Problem statement:
Give back every record word for word, but keep the pictures out.

Web page caption snippets:

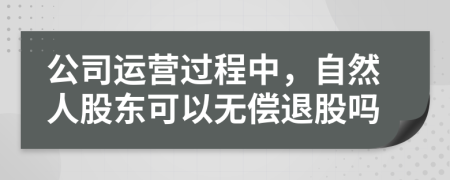 公司运营过程中，自然人股东可以无偿退股吗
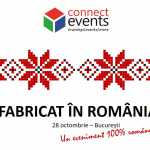 Fabricat în România, un eveniment cu si despre afaceri romanesti de succes! Fabricat - Afaceri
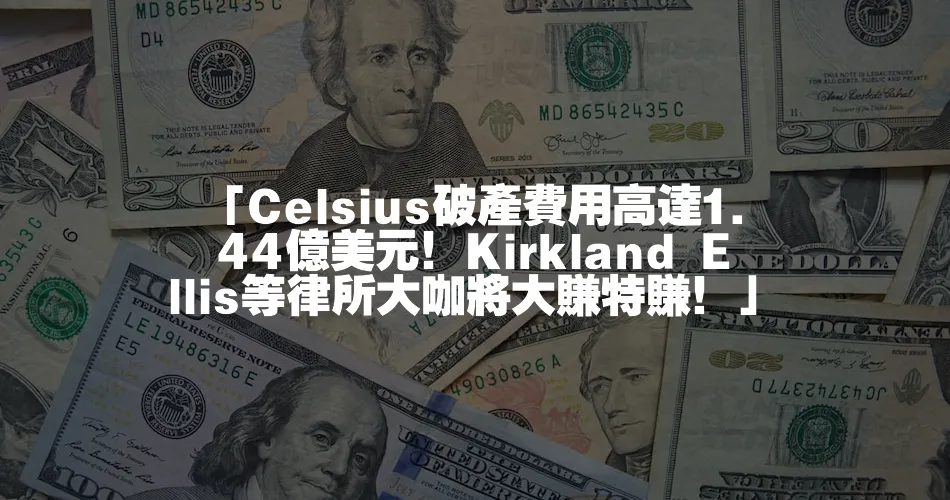 「Celsius破產費用高達1.44億美元！Kirkland Ellis等律所大咖將大賺特賺！」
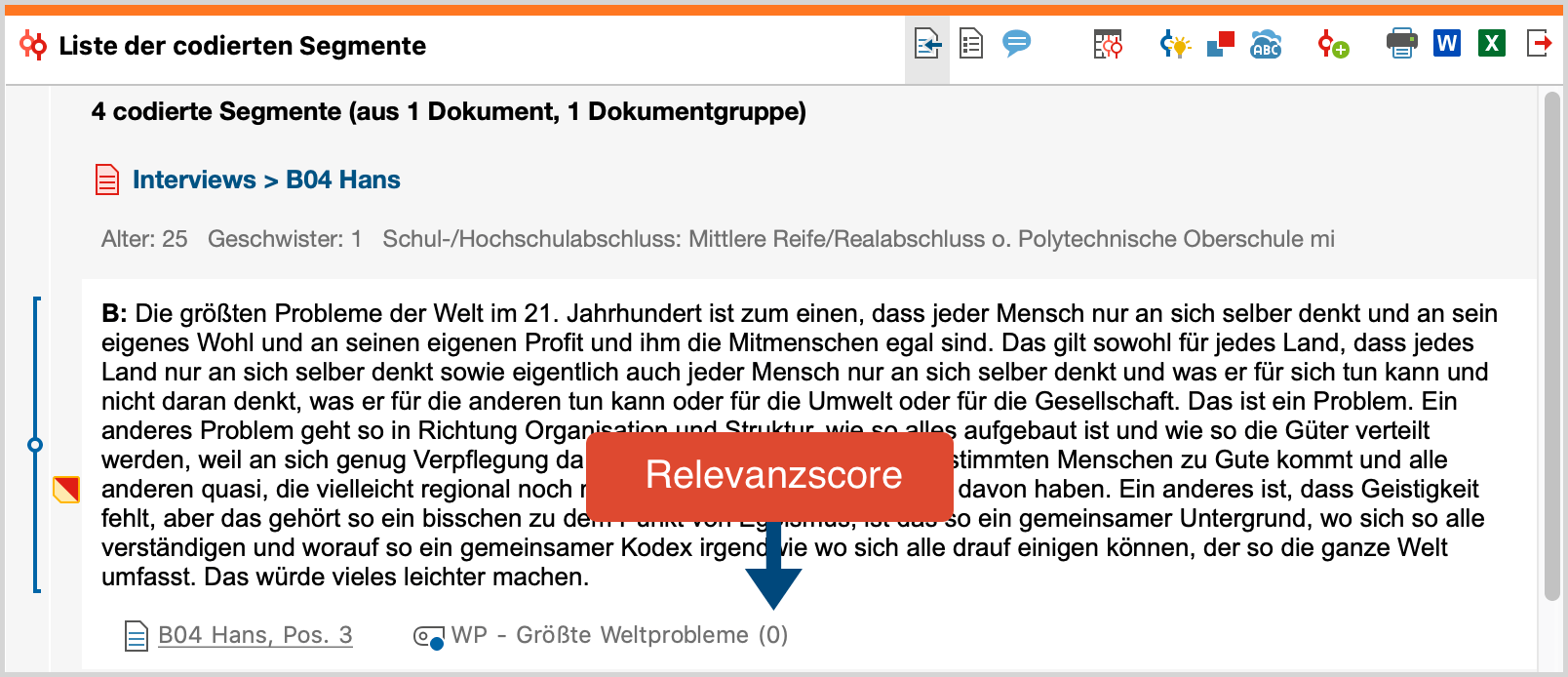Gewichtungsangabe (Relevanzscore) in der „Liste der codierten Segmente“ Gewichtungsangabe (Relevanzscore) in der „Liste der codierten Segmente“
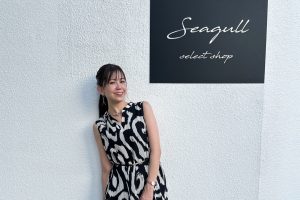 嘉数ゆりオススメ！New Open☆お洒落な隠れ家的セレクトショップ『seagull select shop』｜浦添市宮城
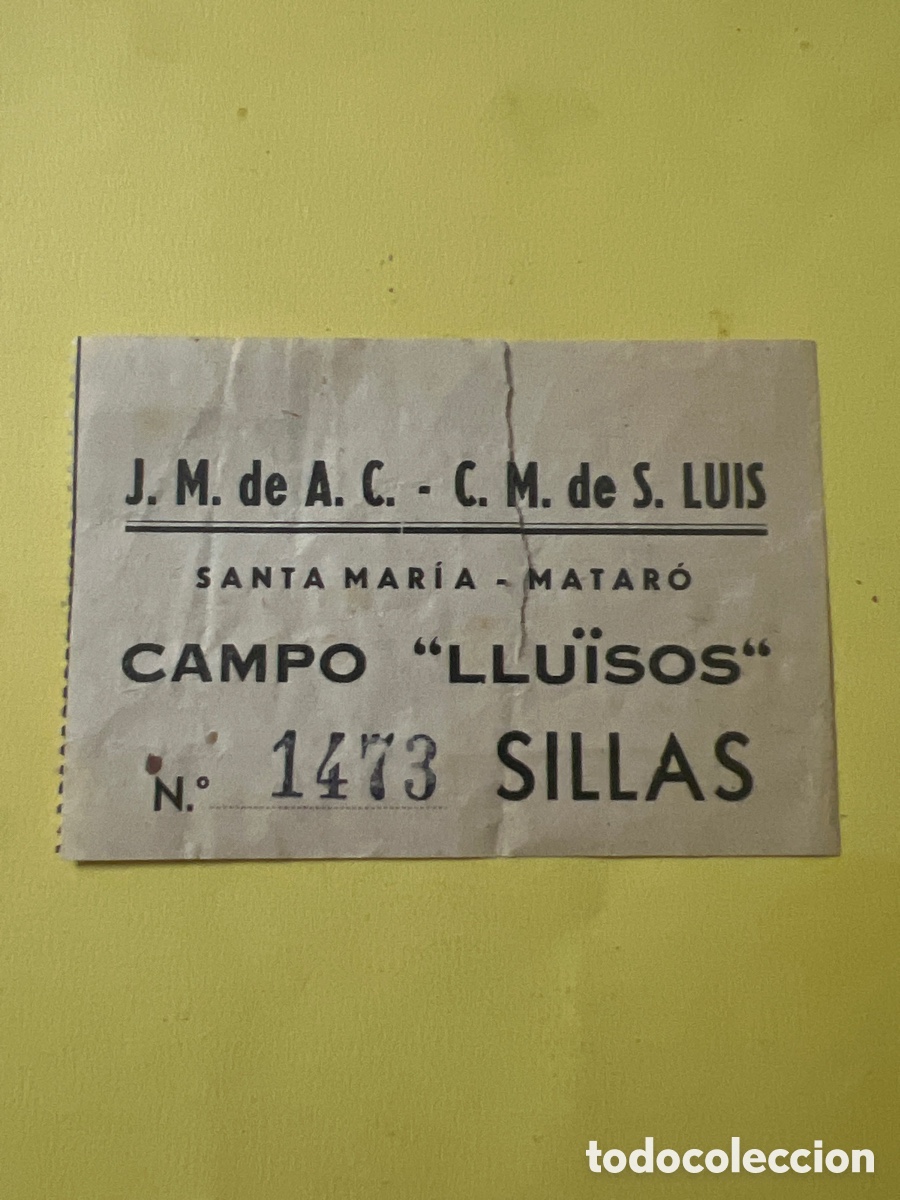 Paper Collecting Others: L458. ENTRADA/ TICKET SANTA MAR&Iacute;A MATAR&Oacute; - CAMPO LLU&Iuml;SOS - SILLAS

Response box:
 公司运营过程中，自然人股东可以无偿退股吗
 Fabricat în România, un eveniment cu si despre afaceri romanesti de succes! Fabricat - Afaceri
 「Celsius破產費用高達1.44億美元！Kirkland Ellis等律所大咖將大賺特賺！」
Gewichtungsangabe (Relevanzscore) in der „Liste der codierten Segmente“ Gewichtungsangabe (Relevanzscore) in der „Liste der codierten Segmente“
 嘉数ゆりオススメ！New Open☆お洒落な隠れ家的セレクトショップ『seagull select shop』｜浦添市宮城
 Paper Collecting Others: L458. ENTRADA/ TICKET SANTA MAR&Iacute;A MATAR&Oacute; - CAMPO LLU&Iuml;SOS - SILLAS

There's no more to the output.